--- Crawled caption data ---

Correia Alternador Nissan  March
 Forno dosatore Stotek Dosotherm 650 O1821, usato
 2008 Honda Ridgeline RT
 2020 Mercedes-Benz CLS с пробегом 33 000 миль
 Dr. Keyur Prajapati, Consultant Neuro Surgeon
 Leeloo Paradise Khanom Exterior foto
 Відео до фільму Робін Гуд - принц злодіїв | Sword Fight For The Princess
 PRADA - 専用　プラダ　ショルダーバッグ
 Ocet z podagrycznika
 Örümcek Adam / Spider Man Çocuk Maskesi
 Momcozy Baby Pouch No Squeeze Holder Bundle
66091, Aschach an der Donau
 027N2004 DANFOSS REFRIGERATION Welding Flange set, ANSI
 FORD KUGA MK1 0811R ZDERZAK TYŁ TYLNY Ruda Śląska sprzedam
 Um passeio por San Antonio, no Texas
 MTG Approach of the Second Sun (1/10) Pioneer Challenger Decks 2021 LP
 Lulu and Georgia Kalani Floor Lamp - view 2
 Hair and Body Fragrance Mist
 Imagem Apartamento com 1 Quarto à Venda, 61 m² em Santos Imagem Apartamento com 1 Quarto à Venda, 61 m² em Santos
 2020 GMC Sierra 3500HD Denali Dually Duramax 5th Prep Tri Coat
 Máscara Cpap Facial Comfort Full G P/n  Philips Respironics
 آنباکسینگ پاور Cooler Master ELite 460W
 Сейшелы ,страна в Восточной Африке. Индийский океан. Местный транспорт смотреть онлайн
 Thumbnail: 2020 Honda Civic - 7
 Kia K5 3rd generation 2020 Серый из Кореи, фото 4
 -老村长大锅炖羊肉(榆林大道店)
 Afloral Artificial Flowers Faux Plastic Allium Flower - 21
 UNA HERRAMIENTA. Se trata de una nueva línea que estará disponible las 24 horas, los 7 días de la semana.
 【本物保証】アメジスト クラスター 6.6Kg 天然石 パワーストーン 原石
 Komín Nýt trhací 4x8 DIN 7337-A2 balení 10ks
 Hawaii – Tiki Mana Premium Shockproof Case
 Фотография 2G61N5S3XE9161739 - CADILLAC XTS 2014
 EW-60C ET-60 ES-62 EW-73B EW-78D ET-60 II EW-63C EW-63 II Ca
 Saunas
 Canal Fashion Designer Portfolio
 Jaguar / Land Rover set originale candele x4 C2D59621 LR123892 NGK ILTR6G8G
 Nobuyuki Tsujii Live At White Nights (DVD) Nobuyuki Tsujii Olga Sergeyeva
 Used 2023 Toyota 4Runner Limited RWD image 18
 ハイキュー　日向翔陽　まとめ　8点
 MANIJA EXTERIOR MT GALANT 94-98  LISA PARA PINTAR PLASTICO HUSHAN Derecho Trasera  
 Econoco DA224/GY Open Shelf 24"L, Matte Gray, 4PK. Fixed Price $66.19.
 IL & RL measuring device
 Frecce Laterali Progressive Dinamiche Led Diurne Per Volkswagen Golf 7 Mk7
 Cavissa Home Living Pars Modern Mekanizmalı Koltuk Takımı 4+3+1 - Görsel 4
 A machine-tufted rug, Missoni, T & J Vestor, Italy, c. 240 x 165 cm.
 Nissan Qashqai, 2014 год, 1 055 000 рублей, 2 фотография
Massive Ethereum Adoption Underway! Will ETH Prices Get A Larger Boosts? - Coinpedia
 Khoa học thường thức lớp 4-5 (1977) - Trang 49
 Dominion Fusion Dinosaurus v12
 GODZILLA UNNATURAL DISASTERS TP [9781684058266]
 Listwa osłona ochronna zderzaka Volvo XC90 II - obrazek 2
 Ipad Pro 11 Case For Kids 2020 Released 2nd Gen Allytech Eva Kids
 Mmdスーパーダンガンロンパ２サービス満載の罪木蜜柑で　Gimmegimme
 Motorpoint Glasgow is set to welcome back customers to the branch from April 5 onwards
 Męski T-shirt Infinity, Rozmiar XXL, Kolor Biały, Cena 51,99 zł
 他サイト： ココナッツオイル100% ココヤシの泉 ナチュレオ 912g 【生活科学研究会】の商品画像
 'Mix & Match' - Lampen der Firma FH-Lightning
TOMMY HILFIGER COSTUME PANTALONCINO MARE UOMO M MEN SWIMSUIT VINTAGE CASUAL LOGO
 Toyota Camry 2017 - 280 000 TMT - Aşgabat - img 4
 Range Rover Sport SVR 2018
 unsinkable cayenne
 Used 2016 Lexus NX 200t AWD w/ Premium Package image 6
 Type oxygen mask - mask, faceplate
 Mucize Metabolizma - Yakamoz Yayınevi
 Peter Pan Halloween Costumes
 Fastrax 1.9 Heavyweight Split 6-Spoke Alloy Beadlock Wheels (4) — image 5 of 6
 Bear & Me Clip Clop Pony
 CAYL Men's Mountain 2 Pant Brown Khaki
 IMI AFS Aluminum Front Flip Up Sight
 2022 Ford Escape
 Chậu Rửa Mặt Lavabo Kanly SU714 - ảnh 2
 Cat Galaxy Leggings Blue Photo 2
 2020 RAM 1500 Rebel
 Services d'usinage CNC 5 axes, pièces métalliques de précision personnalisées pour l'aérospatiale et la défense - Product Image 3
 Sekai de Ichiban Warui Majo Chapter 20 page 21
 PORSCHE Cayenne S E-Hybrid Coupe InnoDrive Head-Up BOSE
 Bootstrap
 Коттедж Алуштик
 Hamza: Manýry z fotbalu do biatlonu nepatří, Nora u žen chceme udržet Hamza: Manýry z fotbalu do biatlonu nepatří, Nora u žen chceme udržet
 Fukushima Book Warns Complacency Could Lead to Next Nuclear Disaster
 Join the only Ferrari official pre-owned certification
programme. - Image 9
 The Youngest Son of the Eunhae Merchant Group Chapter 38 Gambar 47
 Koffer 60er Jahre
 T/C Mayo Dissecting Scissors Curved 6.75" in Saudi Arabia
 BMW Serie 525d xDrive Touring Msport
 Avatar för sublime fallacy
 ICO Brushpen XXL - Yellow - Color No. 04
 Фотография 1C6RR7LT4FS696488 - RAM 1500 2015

--- HOW TO COMPLETE THIS TASK ---
Look back at the entries above. Retype the line with "Afloral Artificial Flowers", the line with "Canal Fashion Designer Portfolio", and all lines in between.

--- SOLUTION TO THE PROBLEM ---
 Afloral Artificial Flowers Faux Plastic Allium Flower - 21
 UNA HERRAMIENTA. Se trata de una nueva línea que estará disponible las 24 horas, los 7 días de la semana.
 【本物保証】アメジスト クラスター 6.6Kg 天然石 パワーストーン 原石
 Komín Nýt trhací 4x8 DIN 7337-A2 balení 10ks
 Hawaii – Tiki Mana Premium Shockproof Case
 Фотография 2G61N5S3XE9161739 - CADILLAC XTS 2014
 EW-60C ET-60 ES-62 EW-73B EW-78D ET-60 II EW-63C EW-63 II Ca
 Saunas
 Canal Fashion Designer Portfolio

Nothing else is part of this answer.